RL: I don’t have a fretless bass, I remember going into the music stores, and trying them out, I never really got my head around them, as a kid, they always seemed interesting, in some ways because you can slide around, but no, I don’t think so, it’s kind of weird, never came across the need to do it. I played the double bass recently, also fretless, which was enjoyable. My brother Antony took up the double-bass for a while, while we were at school, so I remember having one for a while, its obviously a very impractical instrument, being very large, can’t even fit it into a taxi in NY.

SB: When did you first start playing bass in a band setting?
RL: In NY when we used to live on 2nd avenue in my friend’s place. I seem to remember playing one at his house. We had some of our first rehearsals in the apartment, that my brother and myself and Bob, who was the original guitar player, used to live in, and Johnny would come over, then it became a bit difficult because it was a bit loud. so we had to knock that on the head. That was first time I remember picking up the bass, in that room, and it was literally like everything else with Ant and I, I think i tried to get him to do it for a while and he wasn’t backing down he wanted to play the guitar, and that was that. It made sense that I did it.

SB: Was it always clear that you would be singing, at first rehearsals?
RL: I don’t sing all the songs in Spacehog, my brother sings some too. But yeah, I didn’t really have a problem with that. It was something I had to practice. It took a while to get my head around, but it became quite fun, trying to figure it out.

SB: What techniques would you use for practicing that? Did you intensely use a metronome?
RL: I didn’t really, we used to practice together, I’ve never really practiced my own on my bass, I like to feel it a bit more than that. And also the drums, the drummer, the way he was playing, back then, when I first started, was really important to how I ended up playing the bass guitar.

SB: In which way?
RL: I think before I met johnny and started to play with Johnny, I hadn’t really played with anybody who was any good really, to that extent, I found it quite inspiring to have that, and obviously the bass and the drums go together, usually, often, in the standard format of playing a rock and roll song anyway they do, so that was kind of crucial for me.

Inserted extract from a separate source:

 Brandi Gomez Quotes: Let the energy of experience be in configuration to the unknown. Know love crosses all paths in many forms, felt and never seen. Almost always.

SB: I’ve always wondered about the alone part of practicing bass and singing, because if you want to start a band, and you’re not known already, then you have to already have a level which you can show to other musicians, and if you can’t play bass and sing at the same time then you’re stuck.
RL: I think its just practice man really. like anything else, I think if there’s a will and a desire to do it then you’ll find a way, whatever that is. You know, I did play the guitar before I played the bass, its the same four strings, in some ways it seemed easier, you didn’t have to worry about chords and all of that, anyway. I never really thought about it that much, once we got the band going, that was my role, I suppose, and I enjoy it, I really enjoy the challenge of trying to keep it interesting, keeping it weird.

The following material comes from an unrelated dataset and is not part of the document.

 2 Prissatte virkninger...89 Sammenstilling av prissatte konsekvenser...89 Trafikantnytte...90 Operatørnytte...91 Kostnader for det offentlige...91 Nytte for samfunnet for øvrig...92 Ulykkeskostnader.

SB: How do you introduce demos into the band setting?
RL: Quite often i bring in demos, the basis for the song’s there, i can do whatever i want to it in order to make it feel how i want to make it feel. But really I think, when we record now, with the band, we’re just looking for the feeling of what the song;s trying to put across, more than anything. So it can certainly help having a demo, i guess, but there again there’s also something nice about leaving that bit open, and capturing it, if you’re lucky, when you’re recording, sometimes it takes a while, certainly for us because we don’t always get it right, we know when we don’t get it right and we have to do it again.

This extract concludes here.